• _Recorded data_

# # # # # # #

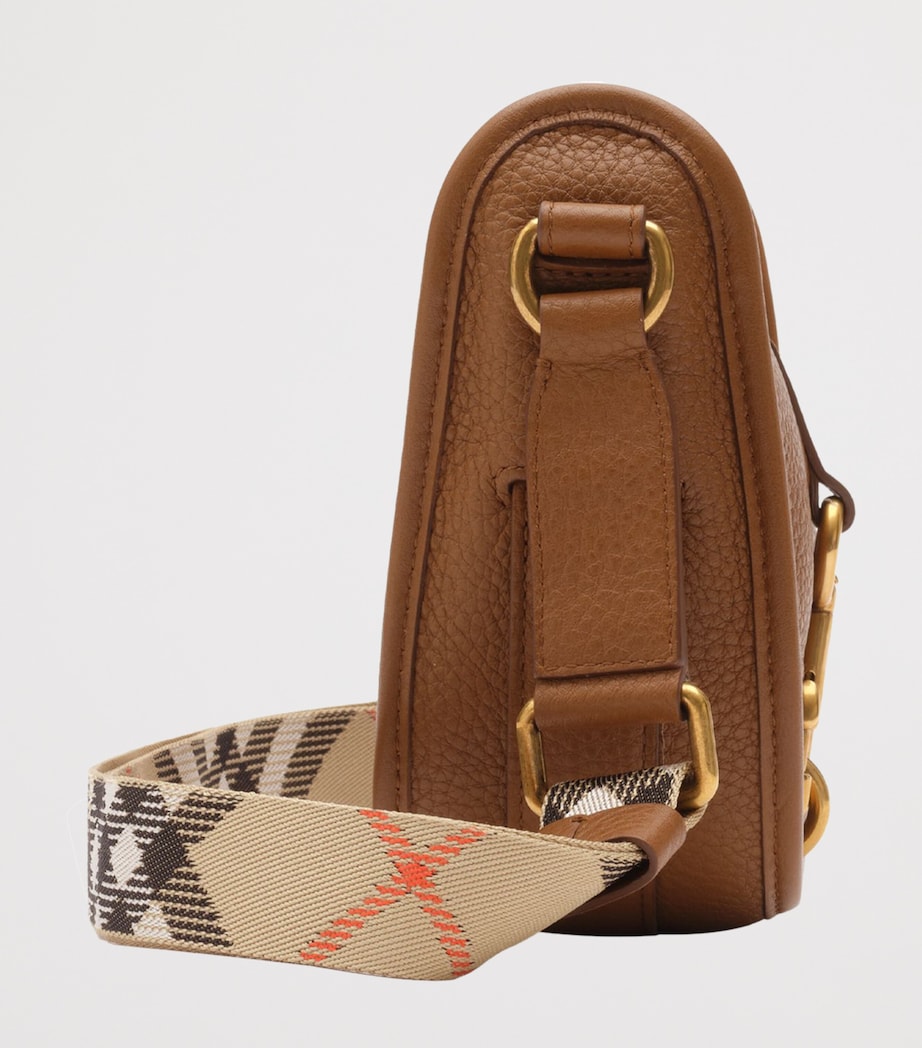 Burberry Mini Calfskin B Clip Messenger Bag Hazel Image 3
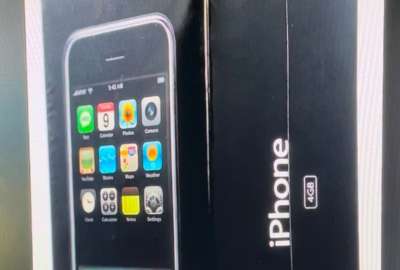 Venden un iPhone antiguo por un precio r&eacute;cord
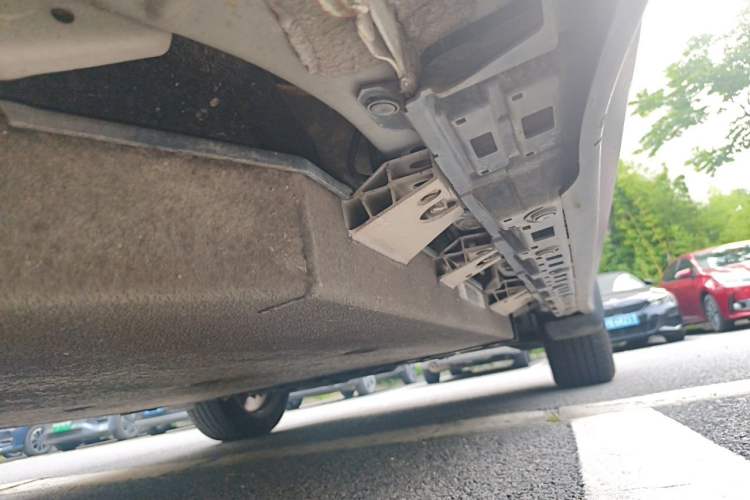 Used CIIMO M-NV 2021 Shangcheng Edition Chassis Rear Right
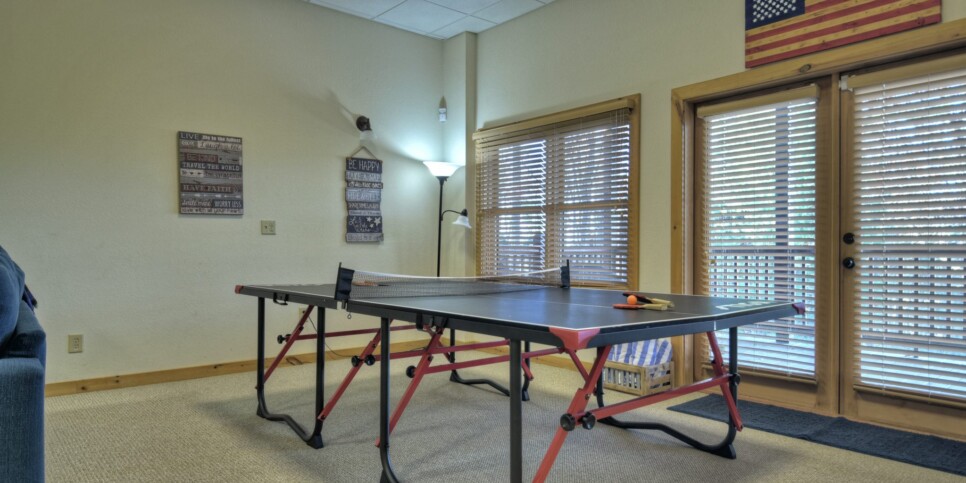 Cherry Log Cabin - Moonlight Mountain Cabin - Rec Room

# # # # # # #

• _Exercise prompt_
Copy out all of the data word for word. Do not carry over any picture.

• _Task response_
 Burberry Mini Calfskin B Clip Messenger Bag Hazel Image 3
 Venden un iPhone antiguo por un precio r&eacute;cord
 Used CIIMO M-NV 2021 Shangcheng Edition Chassis Rear Right
 Cherry Log Cabin - Moonlight Mountain Cabin - Rec Room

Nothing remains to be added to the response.